Nice idea for a thread!

Here is an early KM #1.
France 1602, 1/4 ecu for Bearn, Henry IV, Pau.
The value 1/4 is indicated with the Roman numeral II - II.
This was a regional issue for Navarre and Bearn and it differs in several ways from the regular royal issues:
- The shield has arms for France (fleurs-de-lis), Navarre (chains), and Bearn (cows), not just France.
- After the regular titles FRANCiae ET NAvarrae REX, there is a ligature of D and B, standing for Dominus Bearniae, that is, Lord of Bearn, a title that Henry brought with him from his time as king of Navarre only.

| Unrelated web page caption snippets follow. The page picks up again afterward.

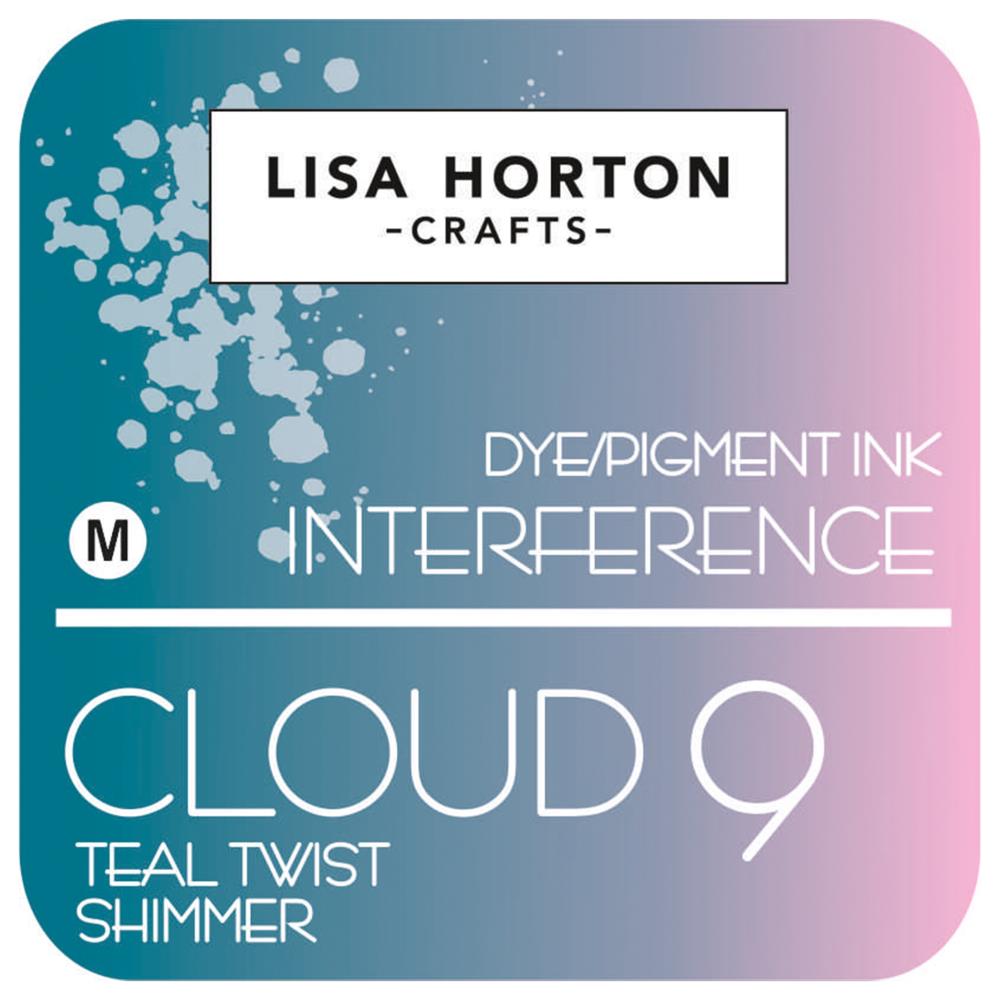 Lisa Horton Crafts Cloud 9 Shimmer Interference Ink Pad - Teal Twist Shimmer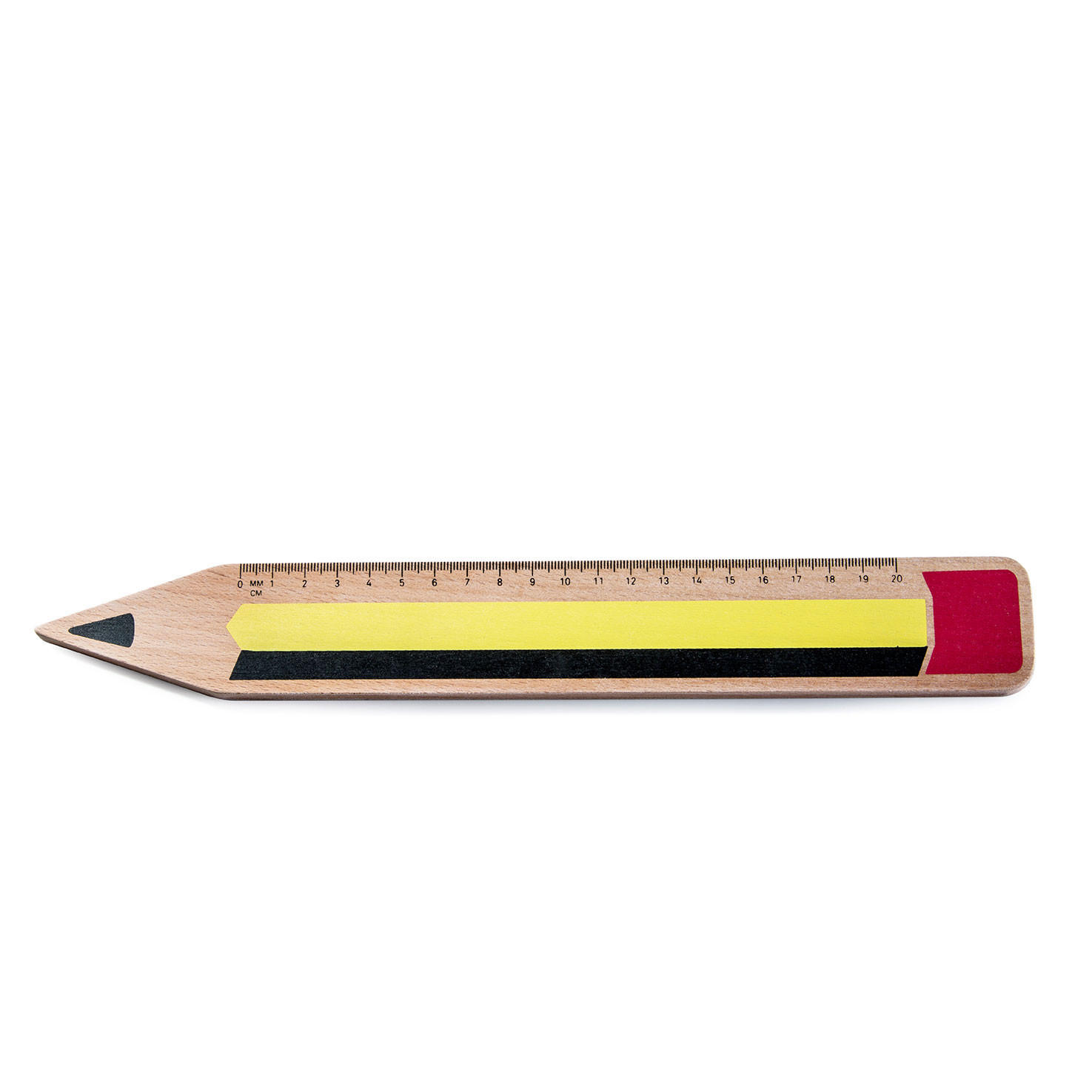 LINEAL Pencilmania, 30 cm, Buchenholz - Multicolor, Holz (4/1/30cm)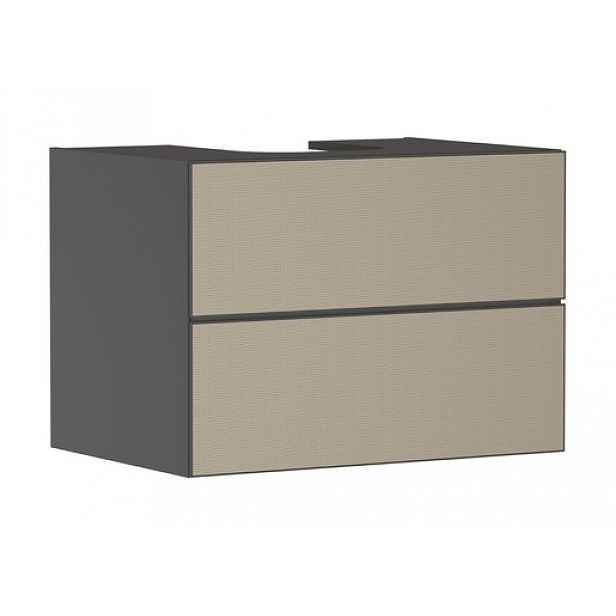 Skříňka pod umyvadlo pod desku Hansgrohe Xevolos E 78x55,5x55 cm břidlicová matná šedá mat 54189390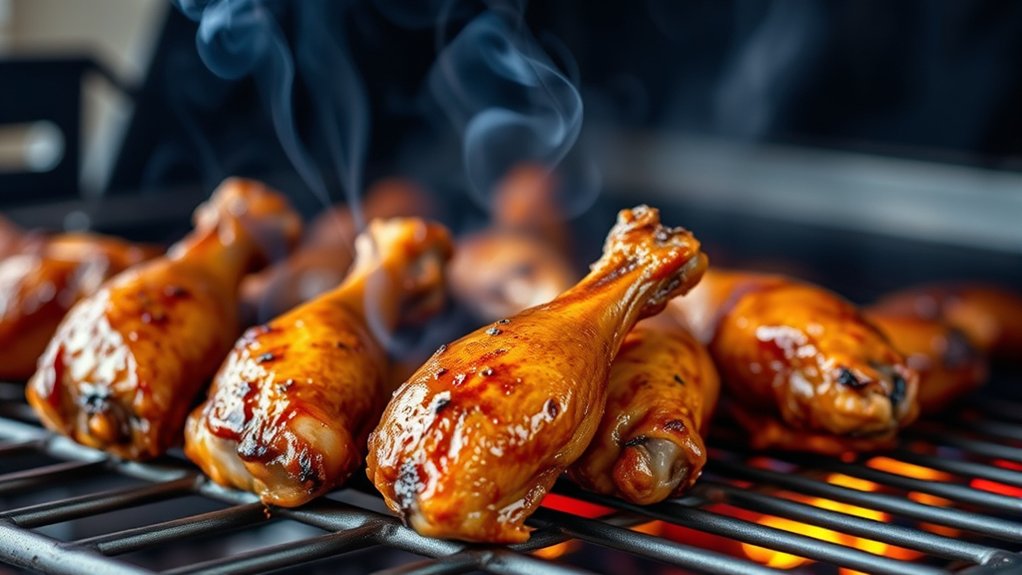 smoke wings to temperature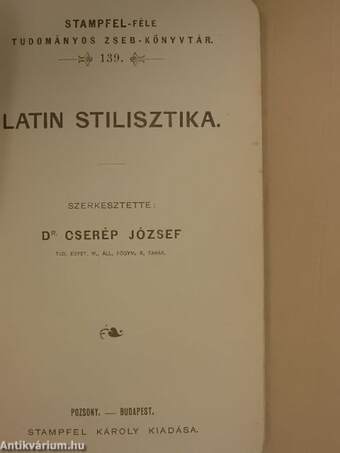 Latin stilisztika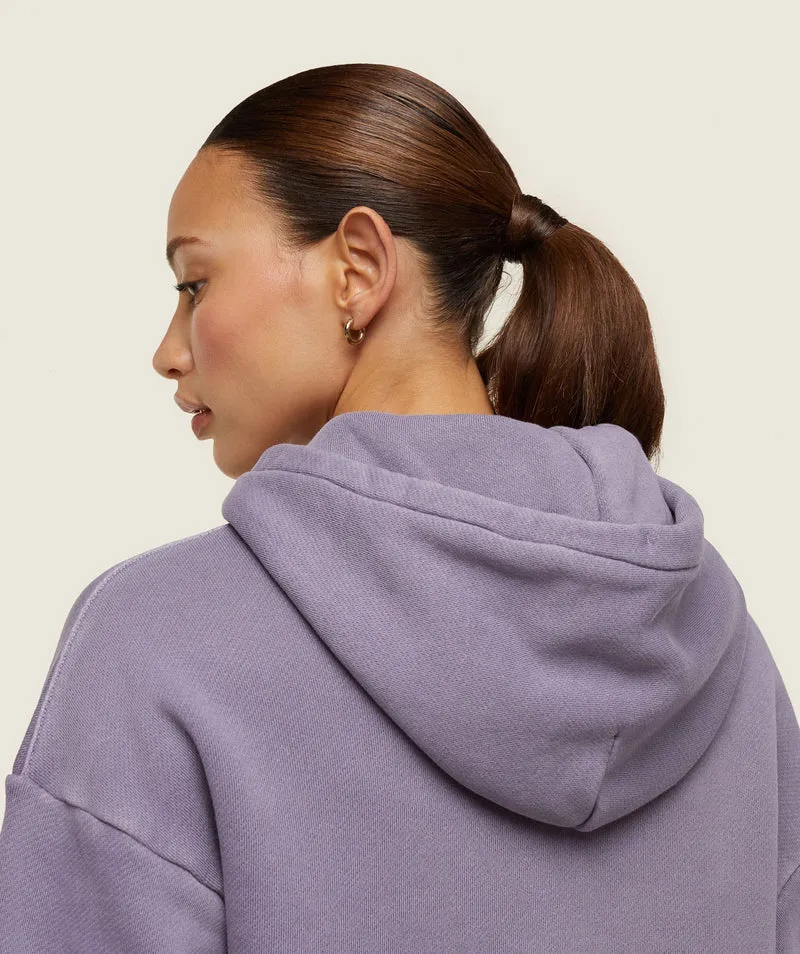 Gymshark Comfort Oversized Hoodie - Fog Purple/Pigment Garment Dye + Wash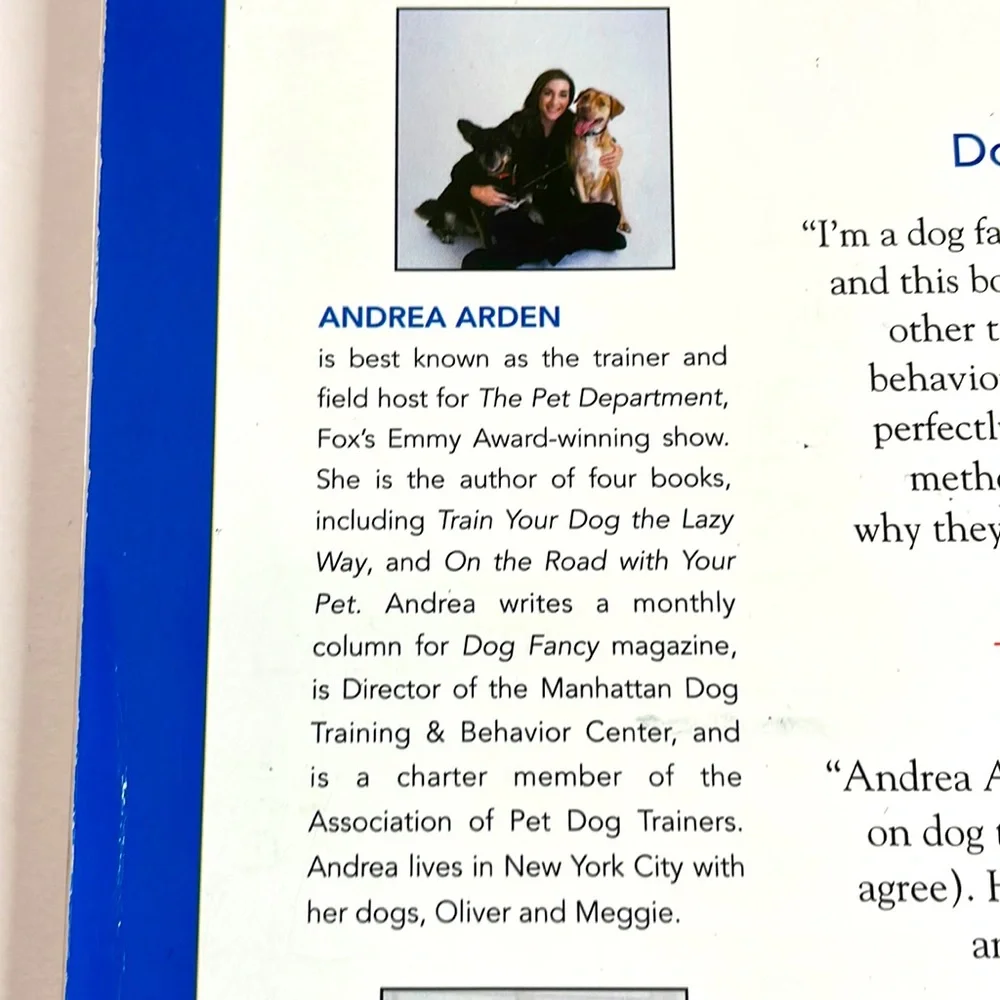 Dog-Friendly, Dog Training Book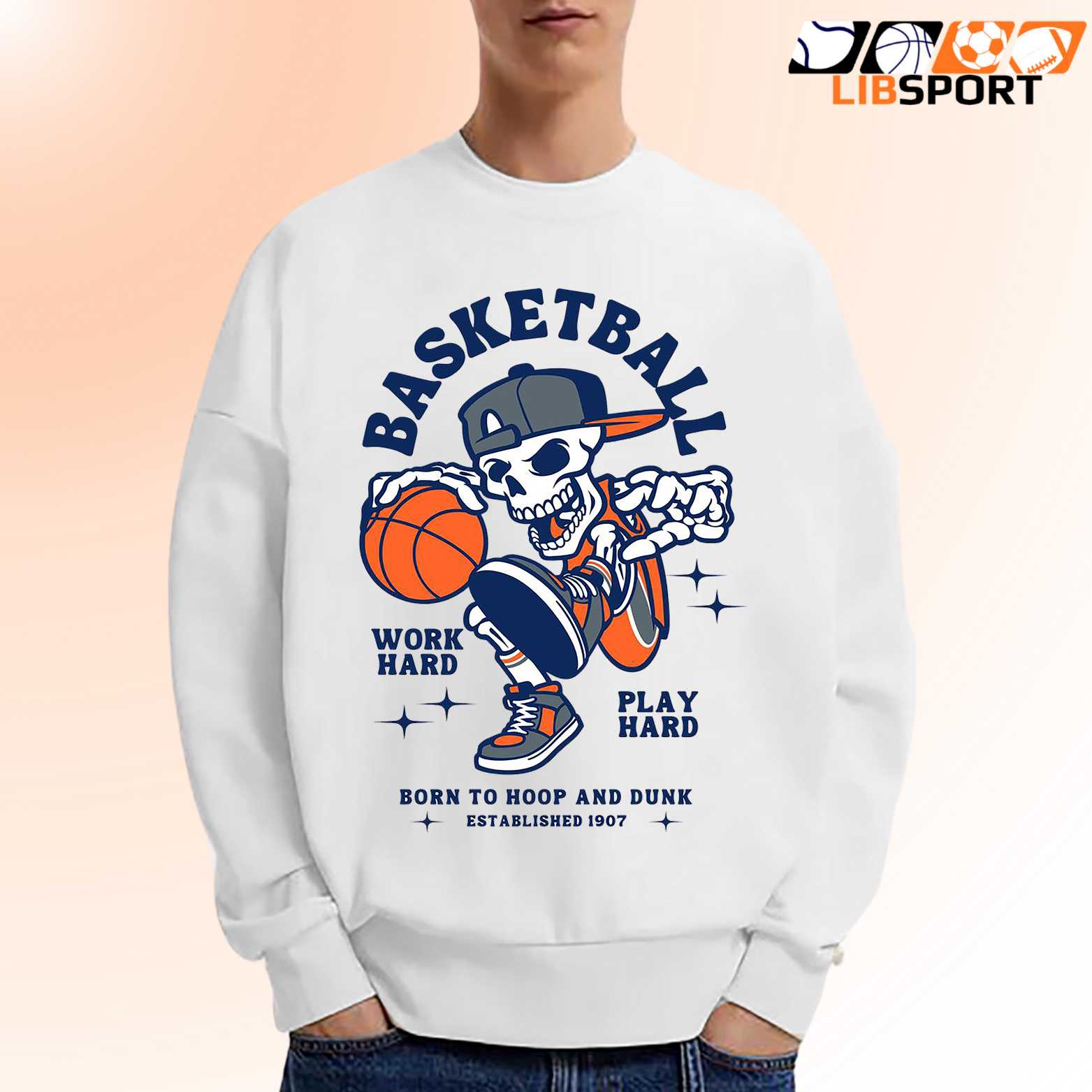 Basketball Skull T Shirt, Vintage Streetwear Tee, Unisex Shirt
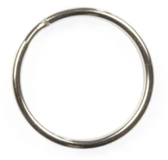 Kangaro sleutelringen metaal 25 mm (100 stuks)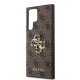 Husa Guess PU 4G Metal Logo pentru Samsung Galaxy S24 Ultra, Maro (Bakr, GUHCS24L4GMGBR) by www.silkase.ro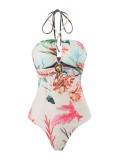Digital Printed Two Piece Bikini Swimsuit For Women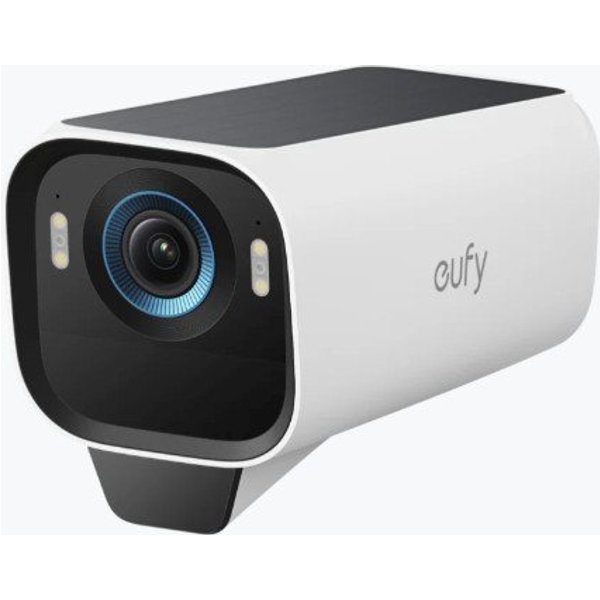 Anker eufy Überwachungskamera S3 Pro Kamera-Set, 4K Kabellose Solar-Überwachungskamera Außen (Außenbereich, 1-tlg., 4K-Auflösung, verbesserte Farb-Nachtsicht, S
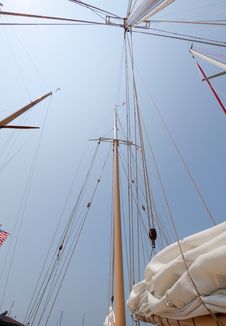 Views Of The Private Sail Yacht. Stock Photography Views Of The Private Sail Yacht. Stock Photography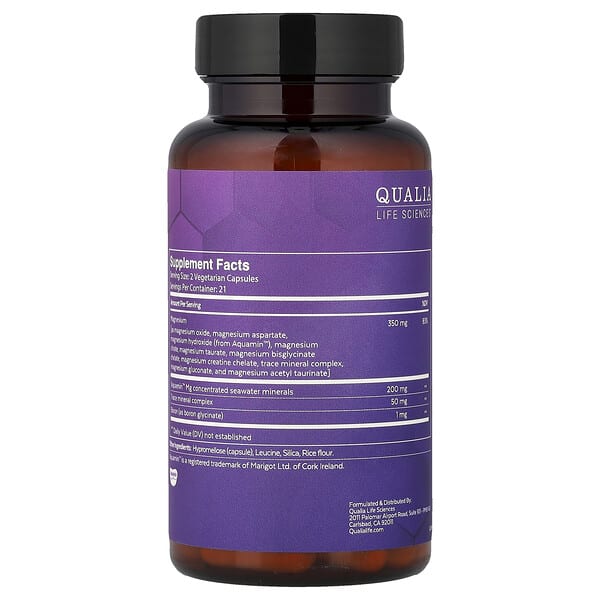 Alternative view of Qualia, Magnesium+™, 42 Capsules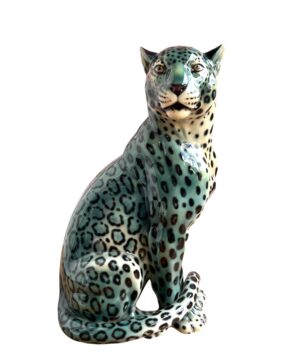 JADE PRINCESS 88CM GREEN CLOSED MOUTH LEOPARD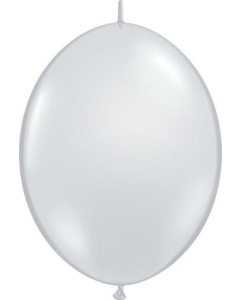 Qualatex 12" White QuickLink Latex Balloons (50 count)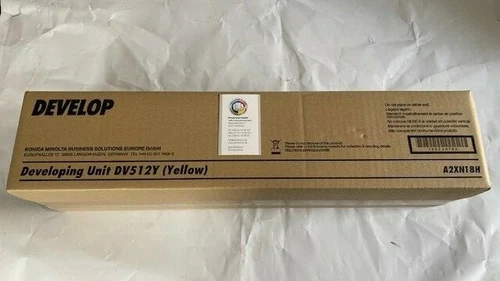 A2XN18H Develop DV512 Y, yellow, ineo +224, +284, +364, +454, +554 Serie DV512Y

- Normally the reverse has the inscription SIT NOMEN DOMINI BENEDICTUM, but here it is replaced with the Bearn motto GRATIA DEI SUM id QuoD SUM: By Grace of God, I am what I am.
Next KM #1 is also from France, but exported to French Cochinchina where it was holed to look like the local cash coins.
1 centime, France, 1875. Holed in 1878 for use in French Cochinchina.
This odd
PMD exercise was part of a plan to introduce French coins in the recently acquired colony of Cochinchina. One million 1 centime coins were shipped from France, but the locals did not accept them, despite a lack of indigenous cash coins. An attempt to meet the local preferences was made by punching a hole in 10,000 of the 1 centime coins. They were assigned a value of 1/500 Spanish dollar, slightly better than the 1/600 that was common for cash coins. The effort only resulted in the locals feeling they were cheated of some of the copper in the coins, and again they refused.
Next KM #1 is from French Indochina (a colony formed in 1887 as an expansion of French Cochinchina).
1 centième, French Indochina, 1888.
French Indochina got a proper coinage from start, although all coins were minted in Paris. The value, 1 centième, is 1/100 of a piastre (which equalled a Spanish dollar in value). The Chinese characters state the value: "Hundred part of one".
Staying in French Indochina, here is a local issue for Tonkin. This is the only coin minted, so it has the single KM number #1.
1/600 piastre, Tonkin, 1905.
A single coin and a single issue in 1905, but 60 million of these were minted. It was an initiative by local merchants to alleviate the constant lack of small cash, which the local cash coins - the form of currency still preferred by the locals - could not meet. Made of zinc from the local zinc deposits - like traditional Vietnamese cash coins - and with the denomination 1/600 piastre in Chinese characters only, the thought was that it would be gladly accepted. Perhaps it would have been, had it not had the text "Protectorate of Tonkin", which in the eyes of some Vietnamese was a provocation since it underlined the French hegemony over Tonkin, a fact that was never fully accepted by the Vietnamese emperor. Only about one tenth of the 60 million coins ever left the Hanoi treasury, the rest more or less self-destructed in the treasury vaults.
Staying in the Far East, but moving a bit to the northeast, to Hong Kong. Their KM #1 looks like this:
1 mil, Hong Kong, 1863.
The British too wanted to take control over the coinage, in their colony of Hong Kong. Cash coins were around there too, of course, and the British wanted to emulate that. Making a correctly aligned square hole in a struck coin is non-trivial though, so they settled for a circular hole in a square marking.
Now back to Europe. KM #1 for Guernsey:
Guernsey, 1 double, 1830.
The smallest denomination in the monetary system introduced in 1830, to replace use of coins in the ancient French livre-sous-denier system. The islanders did not want to use the French francs introduced in 1795 following the French revolution, and the need for pre-revolutionary coins was becoming hard to satisfy. Neither did they want to move to the British pound, so they invented their own system, based on the French (1 double equalled 1/4 sous, which corresponded to 5/42 of a British penny).